O günlerde yaptığımız öncelikli işlerden birisi eksiğimizi, gediğimizi belirlemekti. Şehitlerimizle, yaralılarımızla uğraşırken, FETÖ'cüler, polisimize ait silahları çaldı. Hangi silahımızın kaybolduğunu ilk günlerde seri numaralarıyla birlikte belirledik. Bunların bulunması için de çalıştık. Ancak, ulaşamadık" dediğini bildirdi.
Ankara Emniyet Müdürlüğü'nün halka silah dağıttığı iddiası hakkında da konuşan Karaarslan, "Darbe girişimini önlemek için silah depomuzun, depocuların gelmesini bile beklemeden açılması ve gelen arkadaşlarımıza silah verilmesi gerekiyordu. Görevlilere, 'Depocuların gelmesini beklemeyin, kapıları kırın' dedim. Zamanla yarışıyorduk. Gelen arkadaşlarımıza silah verildi.
Ancak, depodaki silahların sivillere dağıtıldığı iddiasının, gerçekle ilgisi yok. Hiçbir silahımız sivillere verilmedi. Böyle bir şey yapılması da suçtur. Yani, depodaki silahımız kendi mensuplarımıza dağıtıldı ve bunlardan 16'sı hariç diğerleri yerlerine konuldu" diye konuştu.
Kayıp Yok Çalınma Var
Saygı Öztürk'ün kayıp silahları sorduğu bir İstanbul Emniyet Müdürlüğü yetkilisi ise devlet envanterindeki silahların zimmetle alınıp verilmesi nedeniyle bu silahlar hakkında "kayıp-kaçak" durumu olamayacağını belirterek "Sadece 'çalınma'dan bahsedilebilir. Devlet envanterinde kayıtlı olmayan silahlar ise 'kaçak' demektir. Bunun sayısını kim, nasıl bilebilir? Yurt dışından getirilen ve gizlice Türkiye'ye sokulan silahları kim, nasıl sayabilir?" dedi.

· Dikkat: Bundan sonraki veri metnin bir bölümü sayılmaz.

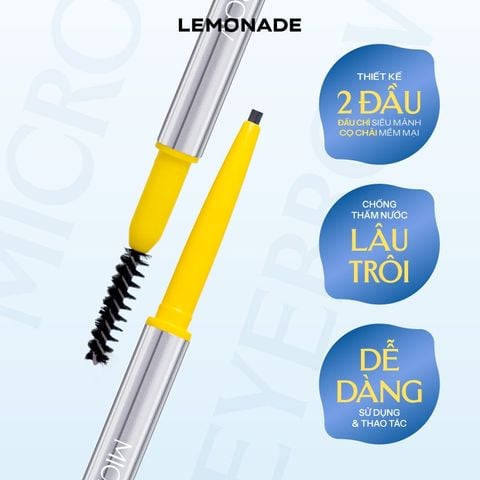  Combo Son bùn ẩm Lemonade Perfect Couple Blurry Stain Lip Cream 3,5g và Chì kẻ mày siêu mảnh Lemonade Micro Eyebrow 0,1g 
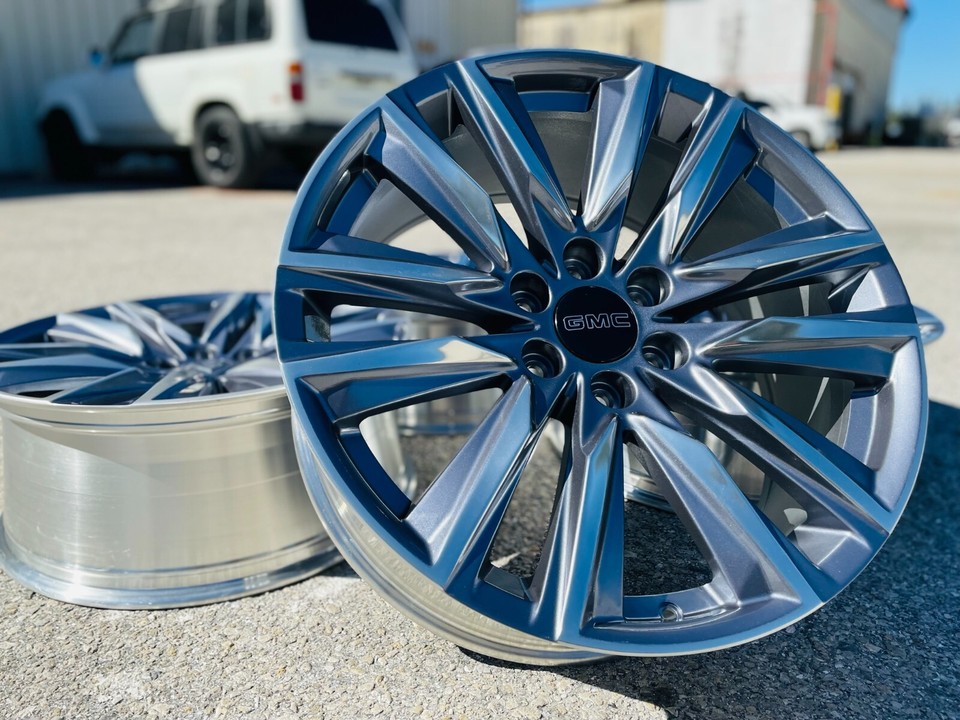 22 Chevy Silverado Tahoe Rims Wheels 2021 2022 2023 2024 GMC Sierra ...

"15 Temmuz gecesi dağıtıldığı söylenen silahlardan bazılarının kaybolduğu iddiaları ise çok manidar. Zira o silahlar sadece resmi görevlilere ve zimmet formu ile teslim edilir. Bu formlar matbudur ve formdaki boşlukların doldurulup imzalanması sadece iki dakika alır. Bu nedenle söz konusu iddiaların içeriğinin iyice netleştirilmesi gerekir" diyen yetkili "Binlerce kayıp silah iddiası doğruysa bu konuda olasılık şu olabilir: Özgür Suriye Ordusu'na verilmek üzere, örtülü ödenek parasıyla yurt dışından silah satın alınıp, devlet envanterine kaydedilmeden Suriye'ye sevk edilmiş olabilir. İşte bu silahlardan bazıları Suriye'ye gönderilmeyip, içerideki bazı unsurlara dağıtılmış olabilir. Bazı yapılar, milis kuvveti şeklinde yetiştiriliyor olabilir. Toplum bu konuda duyarlı hale getirilmeli" ifadelerini kullandı.